SPECCHIA – A pochi mesi dall’importante appuntamento elettorale il gruppo politico “insieme si Può” che nelle scorse Amministrative del 2019 ha conteso la vittoria alla lista “FARE” guidata dall’ex Sindaco Dott.ssa Alessandra Martinucci, ha deciso di rompere il silenzio e, attraverso le parole del suo Rappresentante Prof. Emanuele Giangreco, propone una soluzione che possa portare Specchia fuori dal pantano amministrativo nel quale è clamorosamente piombata dopo le dimissioni del Sindaco Alessandra Martinucci ed il conseguente commissariamento del Comune.

“ La situazione che Specchia sta attraversando – afferma Giangreco- è particolarmente delicata perché oltre alla “crisi sociale”, aggravata dalla pandemia, si aggiunge un incredibile vuoto amministrativo che, in un anno difficilissimo, ha lasciato l’intera Comunità senza punti di riferimento Istituzionali. Riteniamo dunque che sia giunto il momento di cercare , responsabilmente, di unire tutte le forze politiche e quanti hanno voglia di contribuire alla rinascita del nostro Paese intorno ad un unico tavolo per stilare INSIEME un progetto che parta dalla ricerca della coesione sociale per arrivare alla vera valorizzazione delle risorse di cui Specchia dispone . Siamo consapevoli- continua l’ex Consigliere Comunale – che , soprattutto per chi conosce la storia politica specchiese intrisa di profonde divisioni, questa idea possa sembrare ai limiti dell’utopia, ma siamo altrettanto convinti che con la buona volontà si possa intraprendere un percorso che dovrebbe rappresentare per Specchia la svolta definitiva, quello che molti definiscono l’anno zero. I prossimi anni saranno importantissimi e noi dovremmo essere pronti a sfruttare tutte le opportunità che certamente si presenteranno. Riuscire a mettere in campo un’unica squadra che abbia però prima condiviso un progetto e conseguentemente sottoscritto un vero e proprio PATTO di Legislatura sarebbe , senza alcun dubbio, il modo migliore per lanciare all’intera Comunità un forte segnale di speranza e di coesione e porterebbe , tra cinque anni ad una “rinormalizzazione” del tessuto politico e sociale del Paese.

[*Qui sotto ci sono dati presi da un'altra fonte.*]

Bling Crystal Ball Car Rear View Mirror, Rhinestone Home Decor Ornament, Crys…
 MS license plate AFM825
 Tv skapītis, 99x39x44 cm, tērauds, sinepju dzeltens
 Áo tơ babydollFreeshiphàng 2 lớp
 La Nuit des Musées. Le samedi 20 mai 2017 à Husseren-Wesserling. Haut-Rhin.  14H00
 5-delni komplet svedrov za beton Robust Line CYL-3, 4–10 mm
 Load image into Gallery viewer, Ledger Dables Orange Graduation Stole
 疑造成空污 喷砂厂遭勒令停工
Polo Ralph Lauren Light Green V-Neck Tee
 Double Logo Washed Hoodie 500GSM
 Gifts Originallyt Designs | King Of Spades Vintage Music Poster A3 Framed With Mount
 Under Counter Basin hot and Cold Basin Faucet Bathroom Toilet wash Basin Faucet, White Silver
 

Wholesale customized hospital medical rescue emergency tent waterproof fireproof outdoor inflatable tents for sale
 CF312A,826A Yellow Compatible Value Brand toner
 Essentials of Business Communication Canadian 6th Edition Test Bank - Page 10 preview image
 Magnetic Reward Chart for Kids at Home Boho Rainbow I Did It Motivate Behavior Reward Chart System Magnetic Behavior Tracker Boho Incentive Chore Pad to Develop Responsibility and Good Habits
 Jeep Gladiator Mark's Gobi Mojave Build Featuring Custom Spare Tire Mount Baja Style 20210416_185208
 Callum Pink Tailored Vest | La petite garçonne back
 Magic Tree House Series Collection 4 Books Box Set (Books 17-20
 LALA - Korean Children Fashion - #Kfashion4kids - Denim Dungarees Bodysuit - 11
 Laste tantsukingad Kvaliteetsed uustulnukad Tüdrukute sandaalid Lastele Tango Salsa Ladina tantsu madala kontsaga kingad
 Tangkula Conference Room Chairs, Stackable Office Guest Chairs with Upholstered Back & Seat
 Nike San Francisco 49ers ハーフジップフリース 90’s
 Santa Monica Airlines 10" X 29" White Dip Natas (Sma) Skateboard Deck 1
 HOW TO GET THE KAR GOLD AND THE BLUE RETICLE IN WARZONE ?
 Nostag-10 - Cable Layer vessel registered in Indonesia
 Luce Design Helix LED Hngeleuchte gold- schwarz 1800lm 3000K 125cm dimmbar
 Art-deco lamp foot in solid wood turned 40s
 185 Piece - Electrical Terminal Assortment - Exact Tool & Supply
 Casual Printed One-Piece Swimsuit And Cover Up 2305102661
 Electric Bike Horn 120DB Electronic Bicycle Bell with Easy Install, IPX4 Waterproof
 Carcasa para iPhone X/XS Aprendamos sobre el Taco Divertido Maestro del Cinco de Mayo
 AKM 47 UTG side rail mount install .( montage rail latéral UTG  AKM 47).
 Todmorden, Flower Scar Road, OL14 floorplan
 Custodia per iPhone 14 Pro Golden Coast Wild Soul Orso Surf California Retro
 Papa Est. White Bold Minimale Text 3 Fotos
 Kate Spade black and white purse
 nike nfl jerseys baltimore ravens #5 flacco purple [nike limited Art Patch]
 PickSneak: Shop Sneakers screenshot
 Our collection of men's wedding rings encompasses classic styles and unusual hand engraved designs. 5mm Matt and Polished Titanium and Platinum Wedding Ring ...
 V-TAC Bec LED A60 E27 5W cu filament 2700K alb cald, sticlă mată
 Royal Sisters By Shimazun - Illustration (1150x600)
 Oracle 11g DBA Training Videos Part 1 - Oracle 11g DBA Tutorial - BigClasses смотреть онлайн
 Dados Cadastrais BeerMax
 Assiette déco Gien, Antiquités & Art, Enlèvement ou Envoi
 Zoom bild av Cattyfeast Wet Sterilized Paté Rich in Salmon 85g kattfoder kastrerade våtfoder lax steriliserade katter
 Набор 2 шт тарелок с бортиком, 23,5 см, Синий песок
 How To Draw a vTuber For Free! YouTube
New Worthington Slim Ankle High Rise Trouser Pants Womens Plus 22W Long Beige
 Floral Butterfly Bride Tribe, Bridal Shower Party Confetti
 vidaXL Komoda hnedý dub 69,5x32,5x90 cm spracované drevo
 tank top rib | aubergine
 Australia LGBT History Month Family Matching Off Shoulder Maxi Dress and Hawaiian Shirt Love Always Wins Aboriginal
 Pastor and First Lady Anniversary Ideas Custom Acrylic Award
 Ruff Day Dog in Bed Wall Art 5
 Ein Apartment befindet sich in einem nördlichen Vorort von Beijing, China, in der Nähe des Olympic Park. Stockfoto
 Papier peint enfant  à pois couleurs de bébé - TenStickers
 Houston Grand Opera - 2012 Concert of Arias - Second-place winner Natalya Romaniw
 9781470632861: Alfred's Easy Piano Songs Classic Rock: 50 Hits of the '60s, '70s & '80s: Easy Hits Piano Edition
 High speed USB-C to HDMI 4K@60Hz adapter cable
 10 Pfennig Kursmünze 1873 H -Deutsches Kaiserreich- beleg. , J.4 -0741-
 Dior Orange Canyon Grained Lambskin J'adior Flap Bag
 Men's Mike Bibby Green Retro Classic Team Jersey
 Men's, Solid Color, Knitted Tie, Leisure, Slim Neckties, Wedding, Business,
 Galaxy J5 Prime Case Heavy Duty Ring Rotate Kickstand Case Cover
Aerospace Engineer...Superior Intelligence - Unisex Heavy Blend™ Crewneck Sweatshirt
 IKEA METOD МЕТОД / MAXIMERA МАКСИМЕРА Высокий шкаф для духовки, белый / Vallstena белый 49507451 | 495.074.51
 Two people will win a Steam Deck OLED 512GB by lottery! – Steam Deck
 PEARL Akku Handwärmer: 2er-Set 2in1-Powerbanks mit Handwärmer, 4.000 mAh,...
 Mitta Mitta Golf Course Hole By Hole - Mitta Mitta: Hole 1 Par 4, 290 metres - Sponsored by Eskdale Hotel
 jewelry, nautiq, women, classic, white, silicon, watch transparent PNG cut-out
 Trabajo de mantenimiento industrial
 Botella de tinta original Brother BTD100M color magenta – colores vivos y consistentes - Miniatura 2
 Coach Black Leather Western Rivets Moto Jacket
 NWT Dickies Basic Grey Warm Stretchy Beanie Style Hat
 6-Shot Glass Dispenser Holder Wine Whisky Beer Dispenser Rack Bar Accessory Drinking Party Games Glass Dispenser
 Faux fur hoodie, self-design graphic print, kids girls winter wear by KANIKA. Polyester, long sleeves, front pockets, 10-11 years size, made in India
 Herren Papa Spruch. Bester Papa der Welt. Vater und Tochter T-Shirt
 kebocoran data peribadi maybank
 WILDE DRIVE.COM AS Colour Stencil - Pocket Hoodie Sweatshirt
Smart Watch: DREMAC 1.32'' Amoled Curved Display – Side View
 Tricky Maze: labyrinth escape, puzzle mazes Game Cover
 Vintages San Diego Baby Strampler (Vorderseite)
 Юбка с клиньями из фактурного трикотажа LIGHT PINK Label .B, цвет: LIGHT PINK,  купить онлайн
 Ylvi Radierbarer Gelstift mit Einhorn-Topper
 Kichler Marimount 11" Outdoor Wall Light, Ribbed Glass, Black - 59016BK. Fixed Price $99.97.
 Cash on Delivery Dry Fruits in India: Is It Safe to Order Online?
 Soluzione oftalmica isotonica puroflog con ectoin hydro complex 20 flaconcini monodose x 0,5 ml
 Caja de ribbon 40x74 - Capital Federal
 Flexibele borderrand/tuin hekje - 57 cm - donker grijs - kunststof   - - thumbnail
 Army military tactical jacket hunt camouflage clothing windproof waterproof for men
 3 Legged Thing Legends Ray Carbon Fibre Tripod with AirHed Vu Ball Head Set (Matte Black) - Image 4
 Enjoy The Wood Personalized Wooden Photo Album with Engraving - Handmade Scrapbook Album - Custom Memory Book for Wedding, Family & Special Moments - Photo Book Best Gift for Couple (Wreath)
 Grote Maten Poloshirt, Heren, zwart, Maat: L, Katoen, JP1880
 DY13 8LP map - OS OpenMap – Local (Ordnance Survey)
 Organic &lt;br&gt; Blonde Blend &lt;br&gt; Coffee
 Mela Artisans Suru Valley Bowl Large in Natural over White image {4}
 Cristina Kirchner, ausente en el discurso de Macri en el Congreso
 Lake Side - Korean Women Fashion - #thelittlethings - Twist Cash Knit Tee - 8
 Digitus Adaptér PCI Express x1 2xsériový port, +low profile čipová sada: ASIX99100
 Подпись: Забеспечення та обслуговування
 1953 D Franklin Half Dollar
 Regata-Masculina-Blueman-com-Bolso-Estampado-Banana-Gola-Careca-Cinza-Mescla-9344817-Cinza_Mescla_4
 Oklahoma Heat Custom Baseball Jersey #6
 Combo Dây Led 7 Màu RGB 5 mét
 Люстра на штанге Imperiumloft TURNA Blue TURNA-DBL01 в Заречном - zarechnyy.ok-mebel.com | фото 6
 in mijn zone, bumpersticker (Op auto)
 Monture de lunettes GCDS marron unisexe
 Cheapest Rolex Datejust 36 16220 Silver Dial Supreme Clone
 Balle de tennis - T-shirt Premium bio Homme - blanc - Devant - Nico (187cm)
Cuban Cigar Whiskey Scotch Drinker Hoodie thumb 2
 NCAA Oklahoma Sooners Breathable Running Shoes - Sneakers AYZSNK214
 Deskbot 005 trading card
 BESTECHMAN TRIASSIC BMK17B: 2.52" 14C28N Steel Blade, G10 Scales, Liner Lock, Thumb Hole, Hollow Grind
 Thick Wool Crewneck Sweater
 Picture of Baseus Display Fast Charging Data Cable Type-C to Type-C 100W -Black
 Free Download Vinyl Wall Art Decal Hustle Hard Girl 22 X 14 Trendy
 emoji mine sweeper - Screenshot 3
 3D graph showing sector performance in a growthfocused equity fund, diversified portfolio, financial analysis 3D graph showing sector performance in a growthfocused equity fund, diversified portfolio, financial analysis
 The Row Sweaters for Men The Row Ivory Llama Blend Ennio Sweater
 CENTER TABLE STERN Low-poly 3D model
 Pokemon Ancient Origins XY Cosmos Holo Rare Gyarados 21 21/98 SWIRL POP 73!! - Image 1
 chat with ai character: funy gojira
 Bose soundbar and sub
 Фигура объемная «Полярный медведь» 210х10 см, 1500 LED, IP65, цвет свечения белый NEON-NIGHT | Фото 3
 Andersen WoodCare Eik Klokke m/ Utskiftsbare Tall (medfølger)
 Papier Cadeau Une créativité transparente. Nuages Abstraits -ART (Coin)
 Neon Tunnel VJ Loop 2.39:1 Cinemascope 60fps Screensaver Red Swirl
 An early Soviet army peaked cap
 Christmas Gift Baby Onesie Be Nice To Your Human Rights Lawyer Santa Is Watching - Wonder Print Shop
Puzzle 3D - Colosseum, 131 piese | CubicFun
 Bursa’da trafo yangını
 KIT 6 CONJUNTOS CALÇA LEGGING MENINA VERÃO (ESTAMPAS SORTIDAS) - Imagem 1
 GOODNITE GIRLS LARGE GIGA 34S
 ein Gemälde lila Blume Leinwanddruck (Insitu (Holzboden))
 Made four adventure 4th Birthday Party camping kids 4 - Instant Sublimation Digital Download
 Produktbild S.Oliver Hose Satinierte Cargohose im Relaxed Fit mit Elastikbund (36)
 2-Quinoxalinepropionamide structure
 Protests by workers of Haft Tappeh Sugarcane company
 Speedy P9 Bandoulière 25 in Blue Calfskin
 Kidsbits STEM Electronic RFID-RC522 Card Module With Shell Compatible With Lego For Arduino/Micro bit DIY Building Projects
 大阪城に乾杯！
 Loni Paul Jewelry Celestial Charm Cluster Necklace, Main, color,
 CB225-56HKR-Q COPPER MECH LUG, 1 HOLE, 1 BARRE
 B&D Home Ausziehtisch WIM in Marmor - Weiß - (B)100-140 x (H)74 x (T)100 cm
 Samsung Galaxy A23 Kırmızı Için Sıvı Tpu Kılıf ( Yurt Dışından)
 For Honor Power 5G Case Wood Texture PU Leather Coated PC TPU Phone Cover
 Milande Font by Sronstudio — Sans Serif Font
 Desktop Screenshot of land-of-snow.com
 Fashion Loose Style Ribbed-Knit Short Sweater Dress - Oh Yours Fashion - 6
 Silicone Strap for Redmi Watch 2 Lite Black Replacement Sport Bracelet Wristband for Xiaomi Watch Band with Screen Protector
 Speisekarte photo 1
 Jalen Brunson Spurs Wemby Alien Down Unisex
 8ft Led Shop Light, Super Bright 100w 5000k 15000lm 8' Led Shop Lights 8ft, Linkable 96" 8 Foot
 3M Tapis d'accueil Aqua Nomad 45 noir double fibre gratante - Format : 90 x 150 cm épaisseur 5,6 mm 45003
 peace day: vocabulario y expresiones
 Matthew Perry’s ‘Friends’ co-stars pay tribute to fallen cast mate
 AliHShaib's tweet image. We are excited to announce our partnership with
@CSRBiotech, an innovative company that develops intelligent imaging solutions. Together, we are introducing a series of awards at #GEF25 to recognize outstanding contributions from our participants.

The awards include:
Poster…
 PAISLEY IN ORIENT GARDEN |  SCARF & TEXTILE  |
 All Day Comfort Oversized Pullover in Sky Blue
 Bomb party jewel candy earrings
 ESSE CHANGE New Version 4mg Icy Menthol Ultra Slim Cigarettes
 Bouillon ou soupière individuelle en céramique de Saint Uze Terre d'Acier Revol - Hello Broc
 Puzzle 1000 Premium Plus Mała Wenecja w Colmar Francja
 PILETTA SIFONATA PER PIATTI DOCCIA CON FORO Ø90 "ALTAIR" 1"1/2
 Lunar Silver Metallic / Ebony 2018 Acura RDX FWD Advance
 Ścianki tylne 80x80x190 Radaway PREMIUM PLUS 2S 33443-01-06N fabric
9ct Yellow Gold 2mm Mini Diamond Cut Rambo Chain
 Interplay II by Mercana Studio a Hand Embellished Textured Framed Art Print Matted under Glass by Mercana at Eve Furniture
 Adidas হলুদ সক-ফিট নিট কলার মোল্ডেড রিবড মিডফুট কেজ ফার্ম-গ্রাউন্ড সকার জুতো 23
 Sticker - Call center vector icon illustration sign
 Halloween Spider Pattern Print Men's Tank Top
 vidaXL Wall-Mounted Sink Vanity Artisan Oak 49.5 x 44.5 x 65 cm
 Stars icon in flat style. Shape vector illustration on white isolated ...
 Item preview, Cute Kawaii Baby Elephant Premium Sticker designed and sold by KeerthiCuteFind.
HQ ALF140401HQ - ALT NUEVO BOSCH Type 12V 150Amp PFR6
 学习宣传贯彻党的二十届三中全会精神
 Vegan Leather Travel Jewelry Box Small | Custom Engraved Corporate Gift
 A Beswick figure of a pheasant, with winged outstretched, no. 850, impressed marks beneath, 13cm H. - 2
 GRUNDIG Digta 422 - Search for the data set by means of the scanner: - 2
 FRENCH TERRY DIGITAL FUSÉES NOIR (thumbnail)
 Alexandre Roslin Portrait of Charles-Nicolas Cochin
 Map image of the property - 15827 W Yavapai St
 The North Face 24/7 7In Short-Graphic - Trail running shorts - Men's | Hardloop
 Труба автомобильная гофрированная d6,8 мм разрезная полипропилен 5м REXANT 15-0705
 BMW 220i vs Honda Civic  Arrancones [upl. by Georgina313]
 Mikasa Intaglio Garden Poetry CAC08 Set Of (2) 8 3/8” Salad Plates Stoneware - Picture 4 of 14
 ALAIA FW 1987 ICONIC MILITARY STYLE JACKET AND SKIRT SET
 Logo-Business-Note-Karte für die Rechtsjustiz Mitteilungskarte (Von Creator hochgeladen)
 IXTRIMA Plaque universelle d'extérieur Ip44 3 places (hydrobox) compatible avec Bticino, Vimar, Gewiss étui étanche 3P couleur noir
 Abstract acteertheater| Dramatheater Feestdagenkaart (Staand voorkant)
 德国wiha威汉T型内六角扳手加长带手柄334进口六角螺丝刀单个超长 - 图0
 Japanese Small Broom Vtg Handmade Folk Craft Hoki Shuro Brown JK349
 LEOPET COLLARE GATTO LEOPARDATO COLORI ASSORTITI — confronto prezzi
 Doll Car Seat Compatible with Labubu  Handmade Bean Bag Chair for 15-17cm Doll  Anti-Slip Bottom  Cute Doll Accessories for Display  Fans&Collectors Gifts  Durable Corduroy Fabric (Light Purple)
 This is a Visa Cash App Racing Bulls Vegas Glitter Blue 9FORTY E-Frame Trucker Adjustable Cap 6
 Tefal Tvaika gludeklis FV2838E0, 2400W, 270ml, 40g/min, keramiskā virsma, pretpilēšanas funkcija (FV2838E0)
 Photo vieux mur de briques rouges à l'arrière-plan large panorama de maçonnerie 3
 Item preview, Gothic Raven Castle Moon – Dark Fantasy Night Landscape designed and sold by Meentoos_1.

In questi giorni stiamo promovendo alcuni incontri preliminari per capire se questa strada è percorribile e pur avendo incontrato un po’ di fisiologico scetticismo siamo felici che l’idea cominci a passare tra la gente come “rivoluzionaria”. Ci metteremo tutto l’impegno possibile- conclude Giangreco- senza lasciare nulla di intentato e qualora Specchia non fosse pronta per una soluzione del genere ribadiamo convintamente che Noi ci siamo e ci saremo.